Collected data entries
= = =

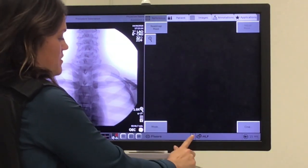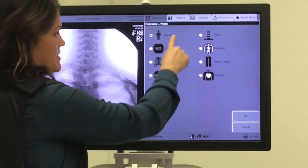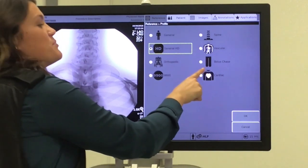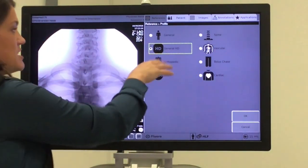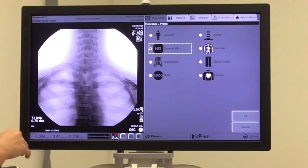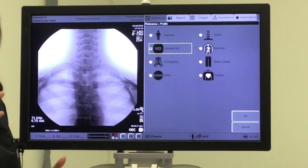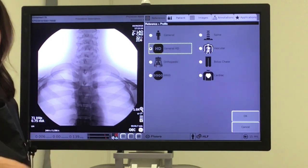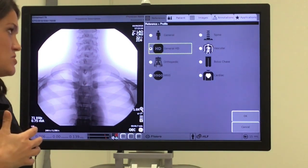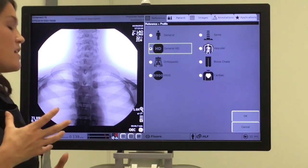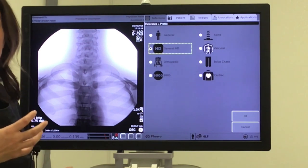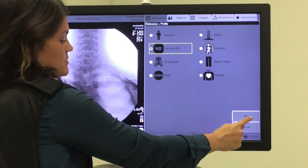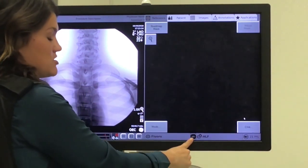Next on the list of profiles, we'll go down here to the status bar, click the icon, and select General HD. The General HD and the Bolus Chase profile are very similar. What the HD profile does is drop your edge enhancement, which makes it mimic a subtracted run or subtracted image. You're going to lose a lot of the bone detail and soft tissue detail, with the goal of making wires and catheters really stand out. We'll select it, hit OK, and our icon has now changed to HD.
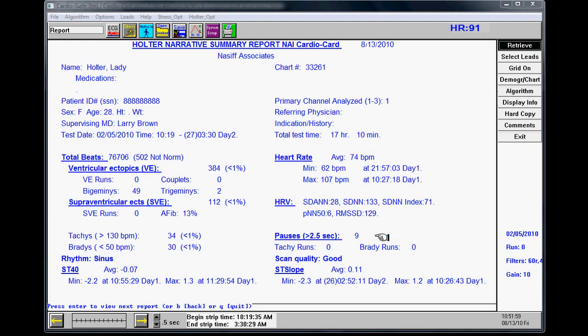At this time, you want to write down the number of pauses and PVCs that you have. Too many pauses could be an indication of a poor hookup. On your keyboard, hit Q for quit and go back to the main screen.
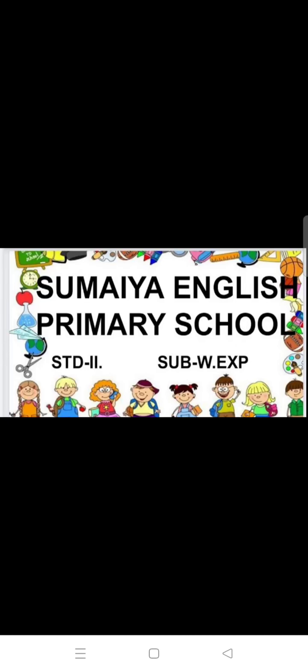Hello students, Assalamu alaikum. Welcome to some English primary school standard second, subject work experience. Lesson number 5: Soil Work — soil yani mitti ka kaama.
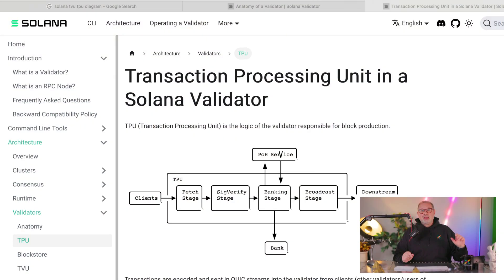Hey everyone, Blockchain Bernie here. This one is about an inside view on the Solana TPU — that's the transaction processing unit. It's one of two important things that make up the Solana validator. We have the TPU, the transaction processing unit, and we have the TVU, the transaction validation unit. This video is a deep dive into the TPU, so let's look into the diagram of a Solana validator.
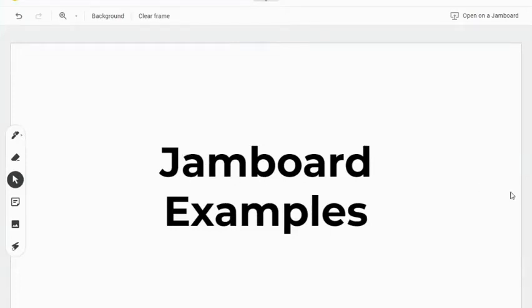Now that we have explored the tools available in Jamboard, let's take a look at some examples of how we can put all of these tools together to create engaging activities for our students.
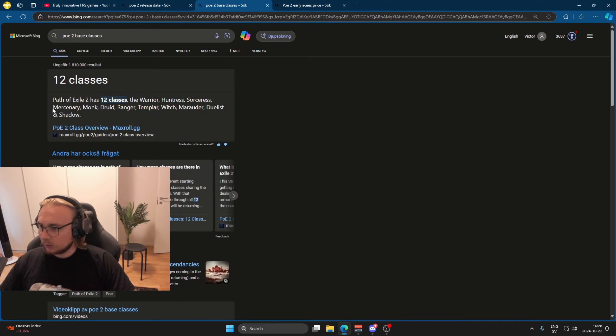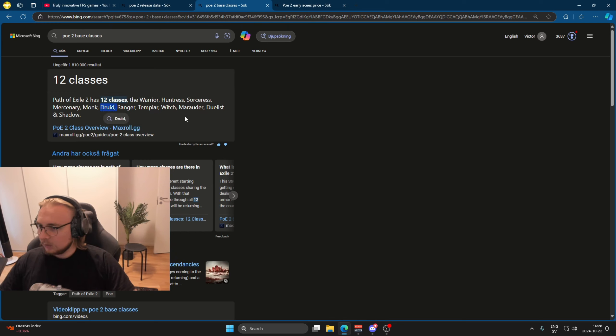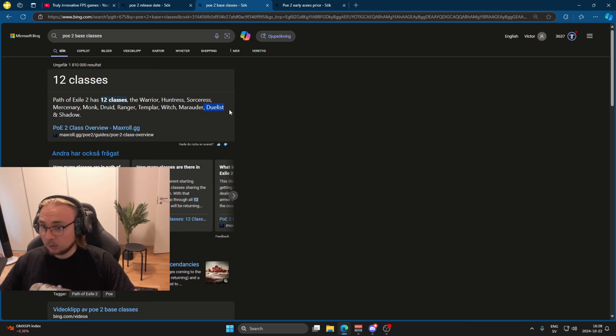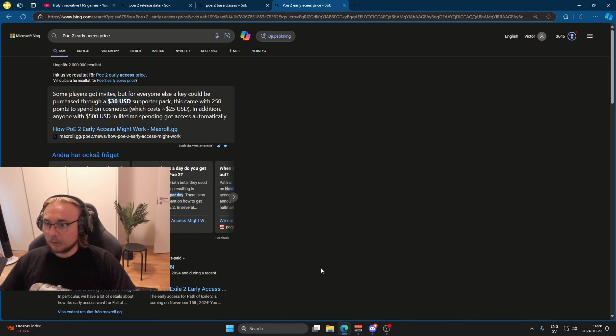We got the warrior, hunter, sorceress, mercenary, monk. Everybody will play monk and ranger, so don't even bother with the rest. Druid, witch, marauder, dualist. Okay, everybody will play dualist and shadow most likely also. And what about the prices?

= = =

Restate all entries exactly; pictures stay out.

> _Task result_
Next on the list of profiles, we'll go down here to the status bar, click the icon, and select General HD. The General HD and the Bolus Chase profile are very similar. What the HD profile does is drop your edge enhancement, which makes it mimic a subtracted run or subtracted image. You're going to lose a lot of the bone detail and soft tissue detail, with the goal of making wires and catheters really stand out. We'll select it, hit OK, and our icon has now changed to HD.
At this time, you want to write down the number of pauses and PVCs that you have. Too many pauses could be an indication of a poor hookup. On your keyboard, hit Q for quit and go back to the main screen.
Hello students, Assalamu alaikum. Welcome to some English primary school standard second, subject work experience. Lesson number 5: Soil Work — soil yani mitti ka kaama.
Hey everyone, Blockchain Bernie here. This one is about an inside view on the Solana TPU — that's the transaction processing unit. It's one of two important things that make up the Solana validator. We have the TPU, the transaction processing unit, and we have the TVU, the transaction validation unit. This video is a deep dive into the TPU, so let's look into the diagram of a Solana validator.
Now that we have explored the tools available in Jamboard, let's take a look at some examples of how we can put all of these tools together to create engaging activities for our students.
We got the warrior, hunter, sorceress, mercenary, monk. Everybody will play monk and ranger, so don't even bother with the rest. Druid, witch, marauder, dualist. Okay, everybody will play dualist and shadow most likely also. And what about the prices?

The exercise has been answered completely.